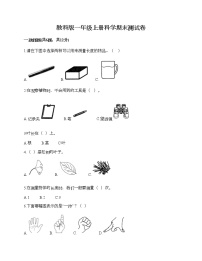 教科版一年级上册科学期末测试卷（有一套）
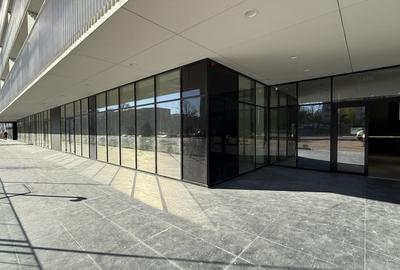 Penthouse etajele 8,9 si 10 cu 4 camere in Primavera Campus, terasa cu vedere - 39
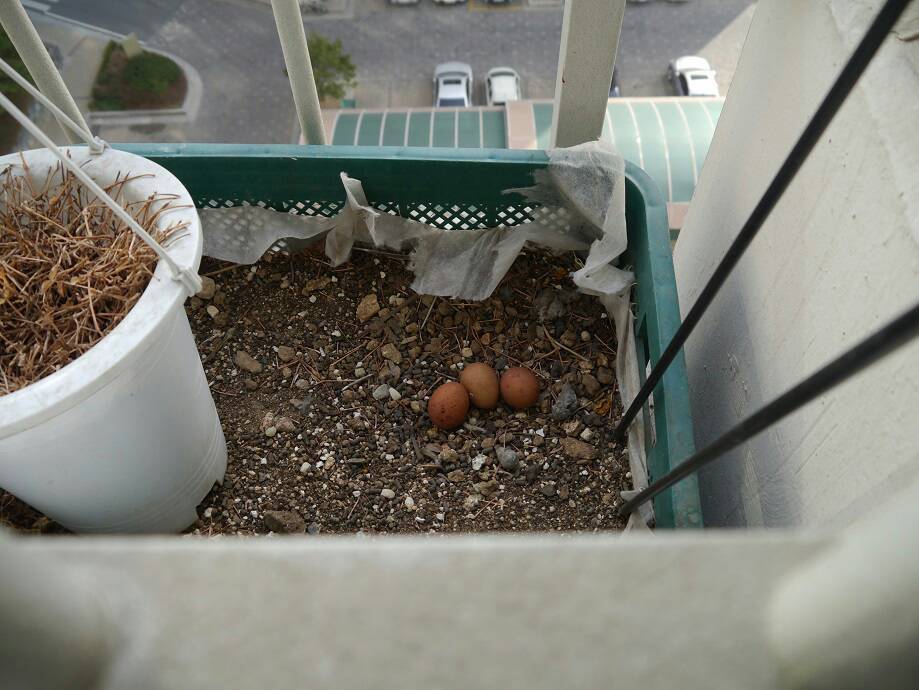 img/5/5/7/E/557E2A6B4B12590014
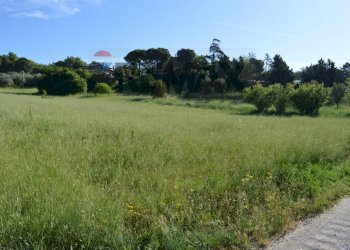 Giardino - Building land del torrente
snc, Magione - photo 13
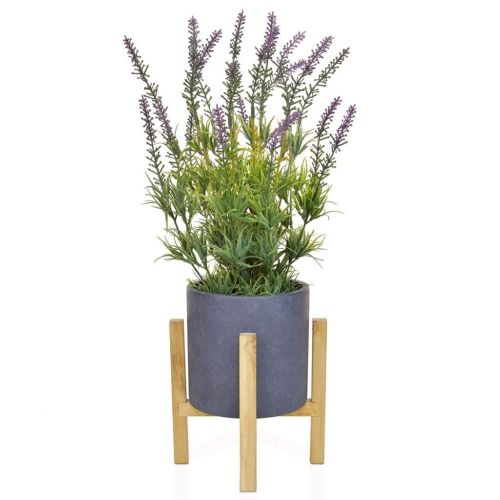 Lavender in Slate Pot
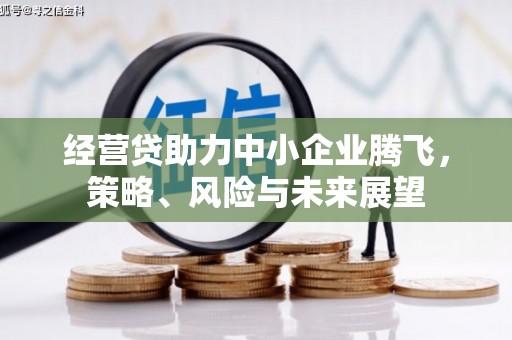 临西经营贷助力中小企业腾飞，策略、风险与未来展望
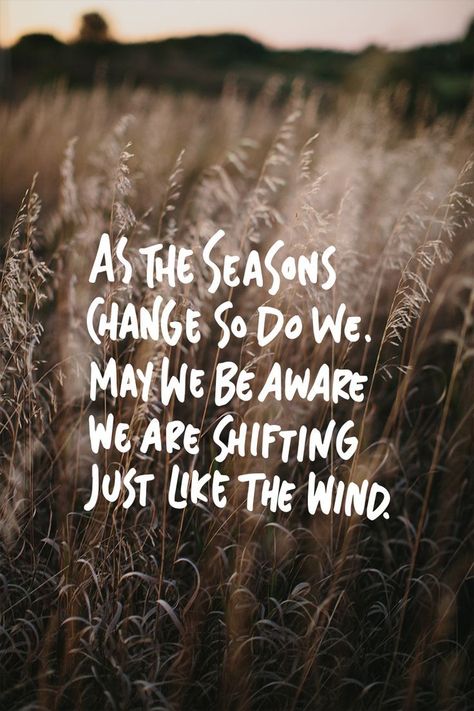 Welcome September, a season of transformation and change. More on The Fresh Exchange. | Season quotes, Fall season quotes, Seasons change quotes Seasons Change Quotes, Instagram Lyrics, People Change Quotes, Me Season, September Quotes, Welcome September, Season Quotes, Motivation Positive, Seasons Change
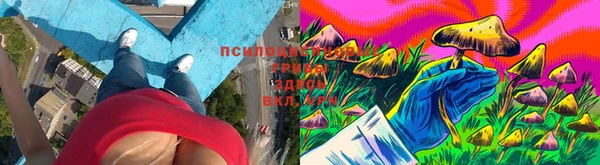крисы Архангельск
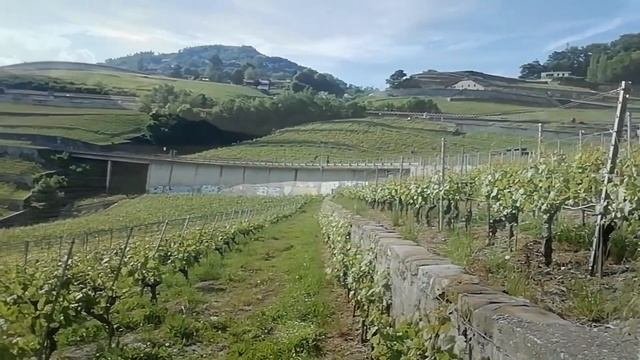 Швейцария.  Часть вторая.  Полная версия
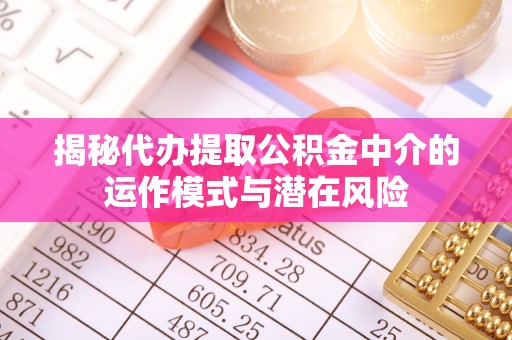 卢龙揭秘代办提取公积金中介的运作模式与潜在风险
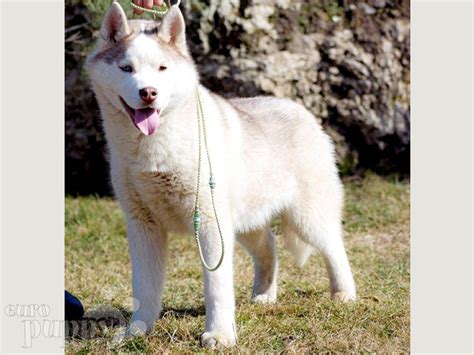 Demon Snow Dog Siberian Husky Puppy For Sale Euro Puppy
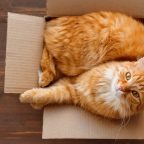 5 причин, почему кошки так любят коробки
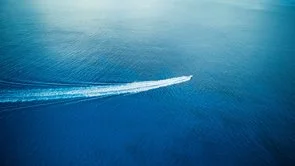 Winston Freedom Island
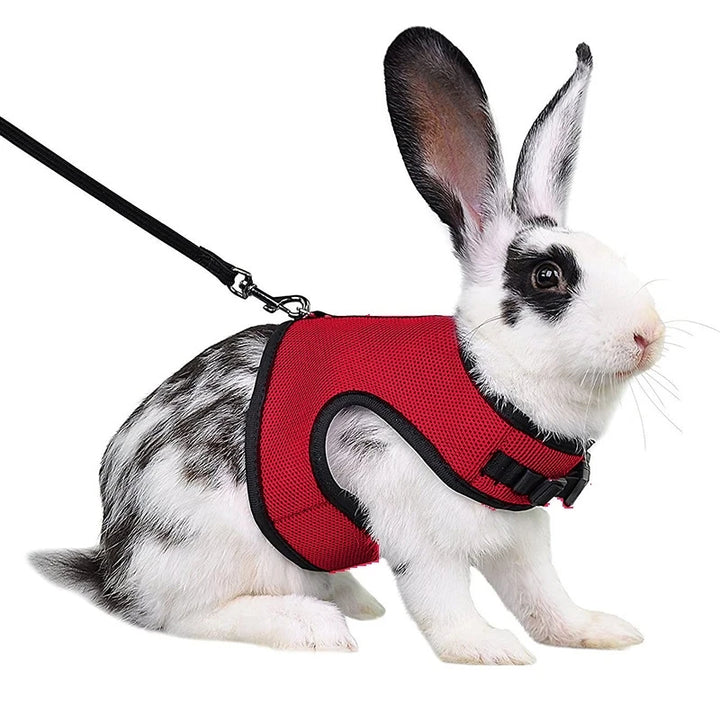 Breathable Small Pet Harness & Leash Set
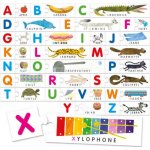 HEADU Moje první abeceda – Zboží Dáma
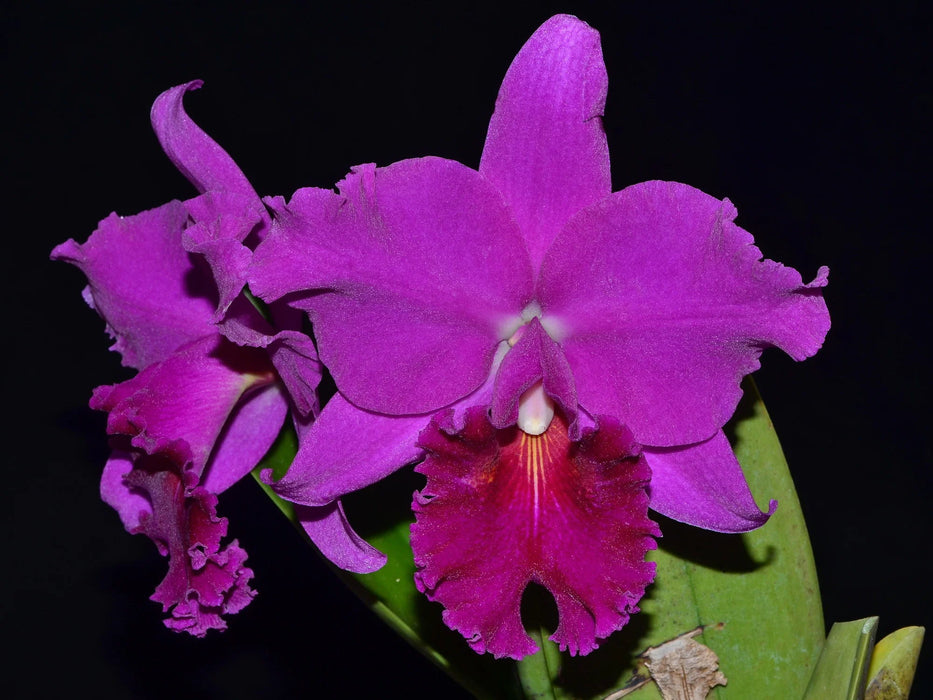 Rhyncholaeliocattleya (Cattleya lueddemanniana x Brassolaeliocattleya Chia Lin 'Shin Shu')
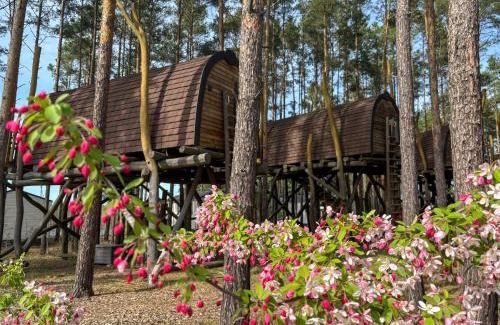 Senftenberg Appartement | Hafencamp Senftenberger See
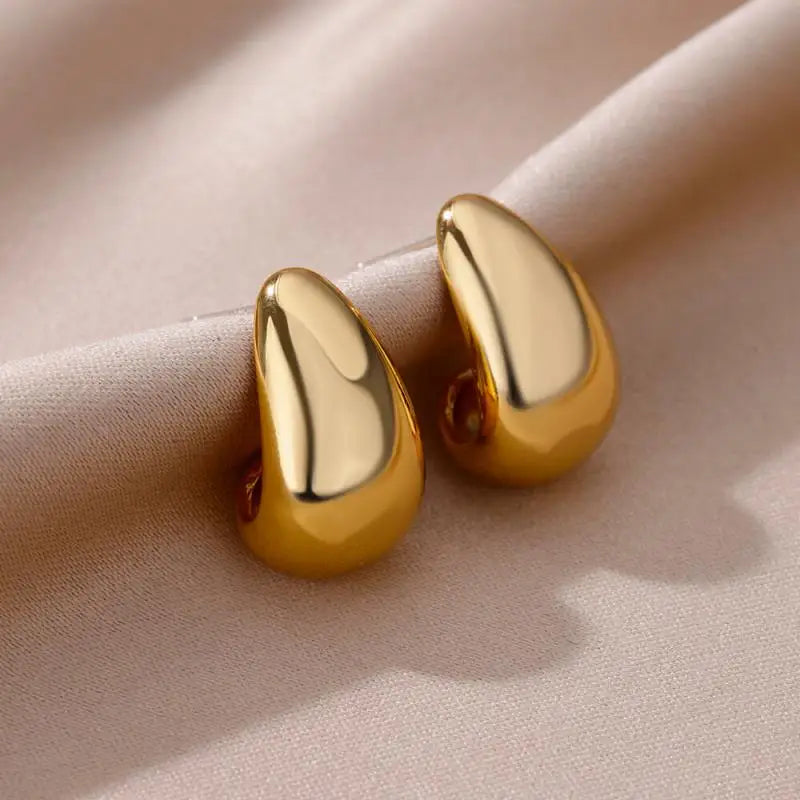 Heart Zirconia Earrings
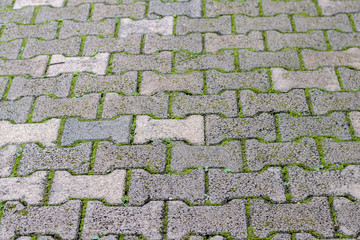 Walkway pattern in garden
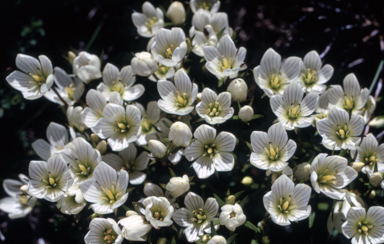 APII jpeg image of Chionogentias muelleriana subsp. alpestris  © contact APII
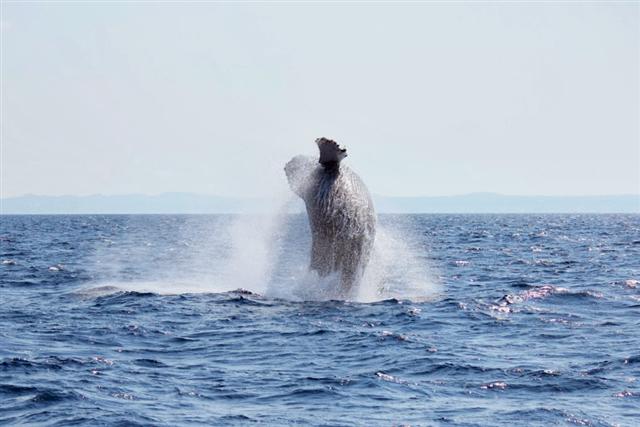 クジラのパフォーマンスの一種「ブリーチ」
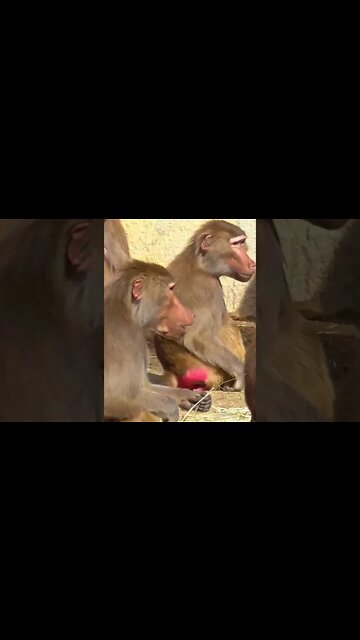 #monkeys , #alltimebest ,Monkey Business #youtubeshorts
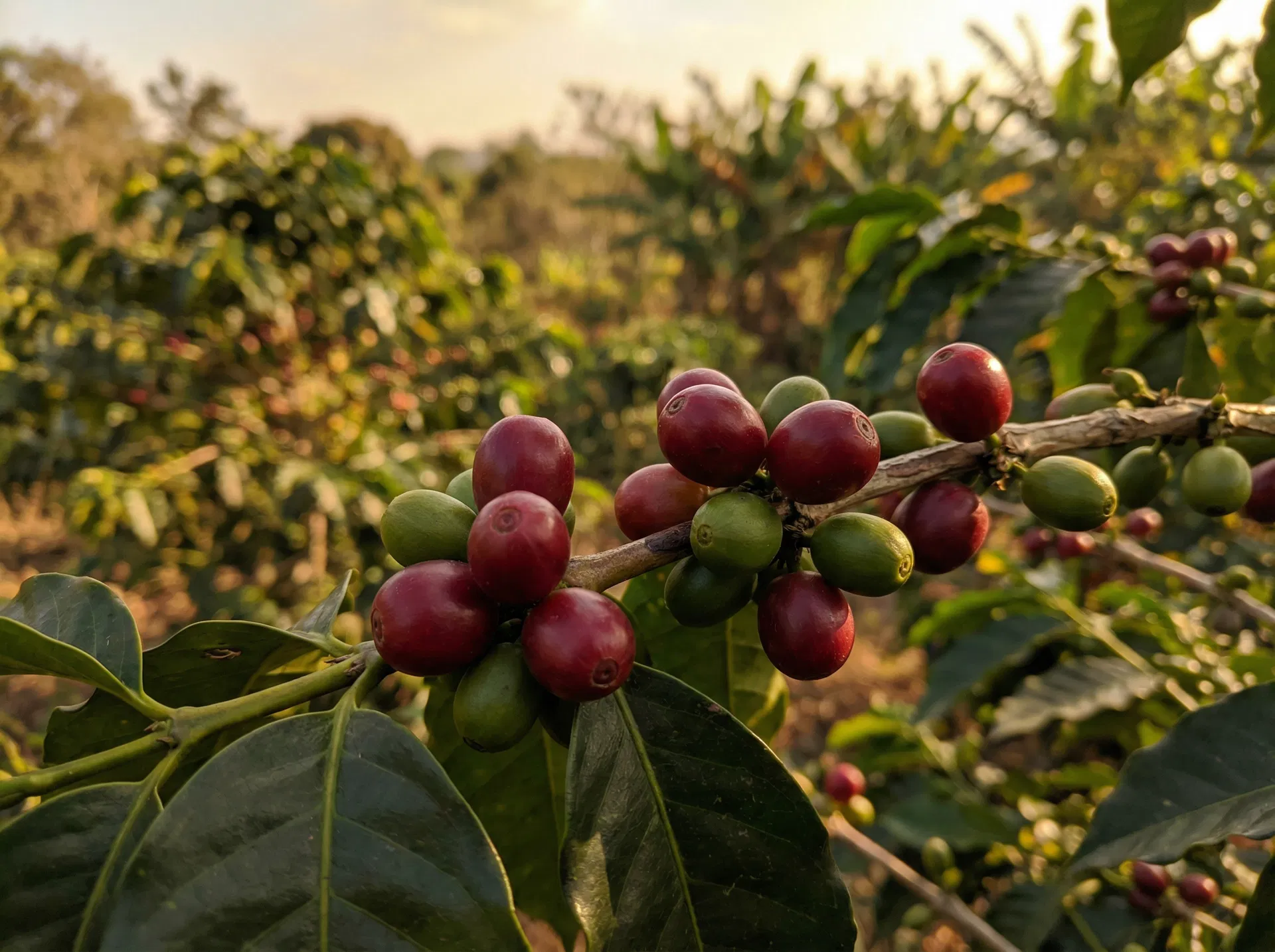 Coffee Cherries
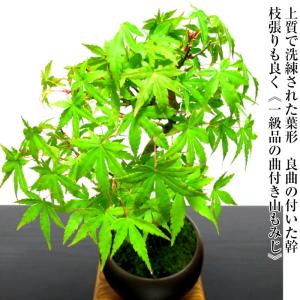 盆栽 もみじ 山もみじ 曲付き幹 希少 室内 ...の詳細画像4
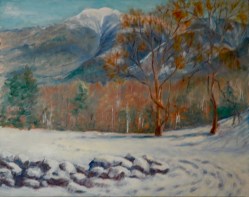 Franconia Notch 2010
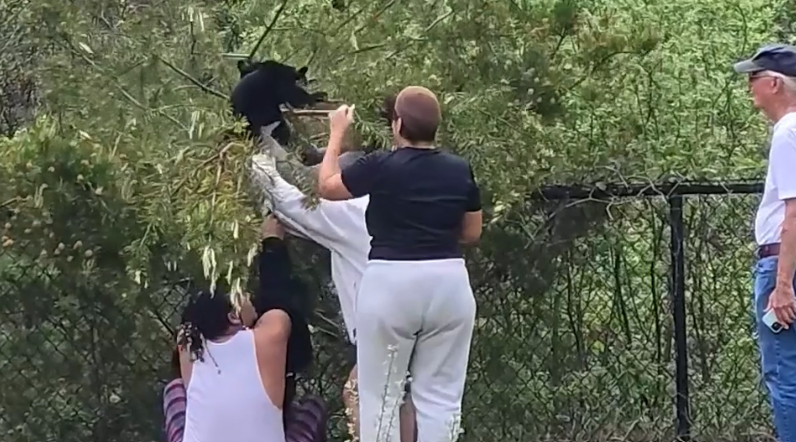 The North Carolina Wildlife Resources Commission is investigating after four people were captured on video pulling bear cubs out of a tree in Asheville on April 16, 2024.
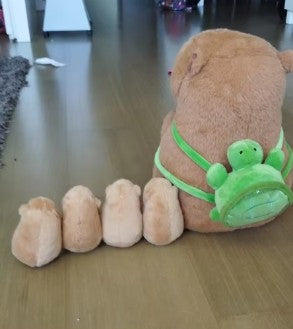 Capybara Mother With 4 Babies Plush Toys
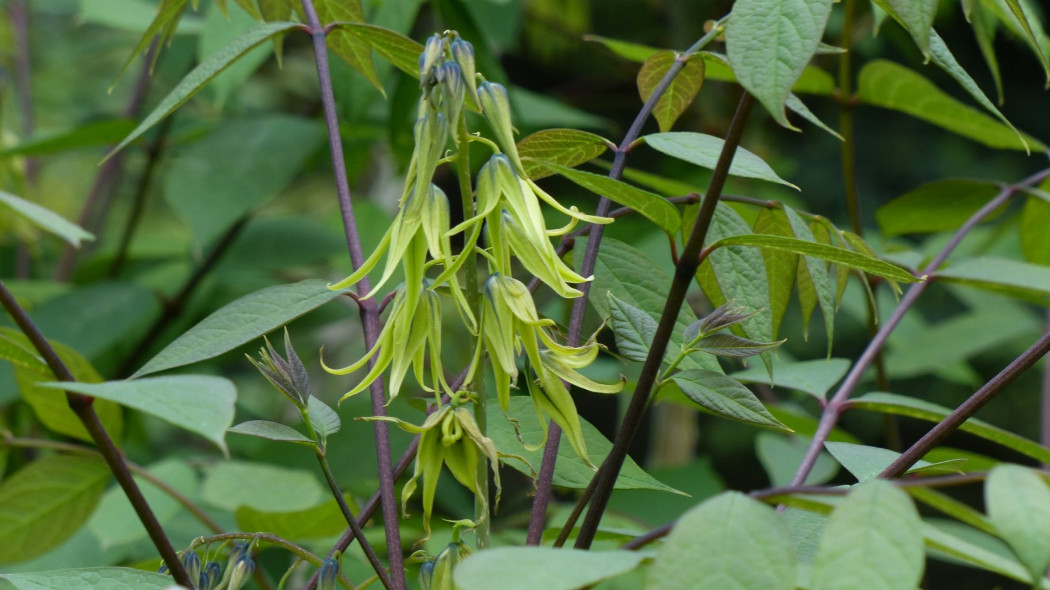 Palecznik chiński (łac. Decaisnea fargesii)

**PROBLEM DESCRIPTION**: Precisely those lines above that run from the line with "Lavender in Slate Pot" up to and including the line with "Welcome September, a" are to be set down, with the pictures omitted.

**RESPONSE TO THE EXERCISE**:
 Lavender in Slate Pot
 临西经营贷助力中小企业腾飞，策略、风险与未来展望
 Welcome September, a season of transformation and change. More on The Fresh Exchange. | Season quotes, Fall season quotes, Seasons change quotes Seasons Change Quotes, Instagram Lyrics, People Change Quotes, Me Season, September Quotes, Welcome September, Season Quotes, Motivation Positive, Seasons Change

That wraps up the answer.